Not artışlarında değil ama düşüşlerde kararın siyasi olup olmadığını çok konuşuruz. Aklımızın bir tarafında bu tür not düşüşlerin arkasında başka bazı hesapların olabileceği hep vardır. Özellikle Moody’s ve S&P’nin değerlendirmelerinde etki altında kaldıkları eleştirisi sadece bizim değil diğer ülkelerin de öne sürdükleri bir iddiaydı. Geçen hafta aldığımız B1 notu yatırım eşiğinin altında olup yüksek riskli not grubundadır. Büyüyebilmek için dış finansmana bağımlı olan Türkiye’nin daha yüksek notlara ihtiyacı var. Yapılması gerekenler ise belli: Reytingciler not artışı için döviz kırılganlıklarının azalmasına, cari açığın yapısal olarak daralmasına, döviz rezervlerinin artmasına ve özel ve kamu kesimi dış borçlarının kontrol altında olmasına bakarlar. Geçmişte de ekonominin sorunlu olduğu dönemler olmuştu. Ancak ülkenin kamu borç yükü seviyesi, bankaların güçlü bilançoları, halkın düşük borçluluğu ile ekonomideki ve kurdaki esneklikler hava yastığı görevi görmüştü. Güçlü bir bankacılık sistemi vardı ve yüksek büyüme potansiyeli kredi görünümü güçlendiriyordu. Borç oranının düşüklüğünün yanı sıra vadenin uzaması ve döviz cinsi borçların toplam içindeki payının azalması Türkiye’nin notunu destekleyen olumlu gelişmelerdi. Özellikle kamu maliyesi tarafındaki durum önemli destekti. Ancak son dönemde notumuzu destekleyen bu alanlarda bozulma yaşadık.

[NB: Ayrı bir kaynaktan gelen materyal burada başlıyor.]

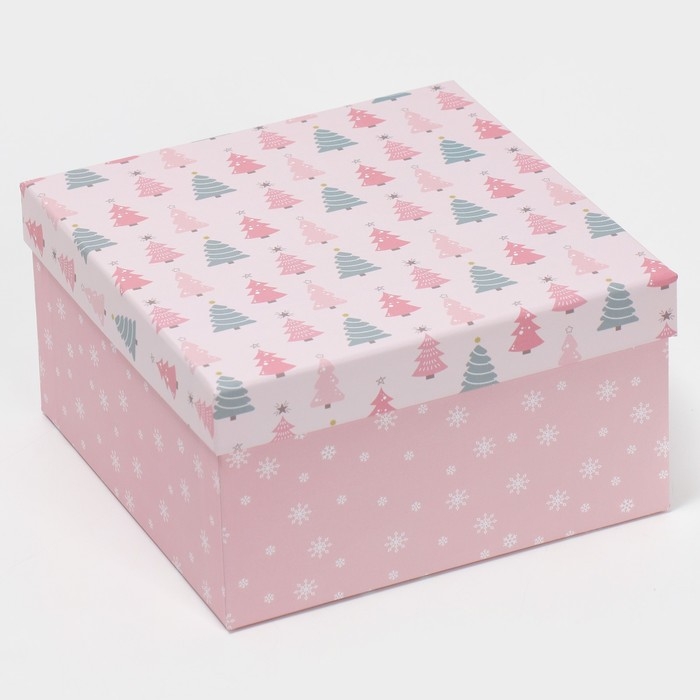 Набор подарочных коробок 10 в 1 &laquo;Happy New year&raquo;, 10 х 10 х 6 ‒ 28 х 28 х 15 см, Новый год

Reytingcilerin değerlendirme mekanizması basittir. Dört alana bakarlar. İlk ülkenin ekonomik gücüdür. GSYH, kişi başına gelir gibi faktörlerin yanı sıra ekonominin büyüklüğü ve çeşitliliği ile uzun vadeli trendleri öngörmeye çalışırlar. “Ekonomik yapı ne kadar güçlü?” sorusunun cevabını ararlar. İkinci baktıkları alan ise kurumsal yapıdır. Ülkedeki kurumların ne kadar güçlü ve politikaların ne kadar öngörülebilir olduğunu görmeye çalışırlar. Burada hukuki yapı, yönetişim ve şeffaflık devreye girer. Üçüncü alan kamunun finasal güçlülüğüdür. Kamu maliyesi ve ödemeler dengesine bakarlar. Ülkenin borç yükü ile hükümetin kaynaklarını mobilize etme kapasitesini ölçmeye çalışırlar. Dördüncü olarak ise borç geri ödemesini etkileyebilecek ani tehditlerin gerçekleşme riskini ölçmeye çalışırlar. Ülkenin borç ödeme kapasitesini olumsuz etkileyebilecek finansal, ekonomik ve politik gelişmeleri tahmin etmeye çalışırlar. Siz bu kriterlere göre Türkiye’yi değerlendirseydiniz, notunuz ne olurdu?

Sözün özü: Biz ödevimizi yapalım; hikâyemizi yaratalım da onlar not vermesin. Bunu onlar için değil, çocuklarımız için yapıyoruz.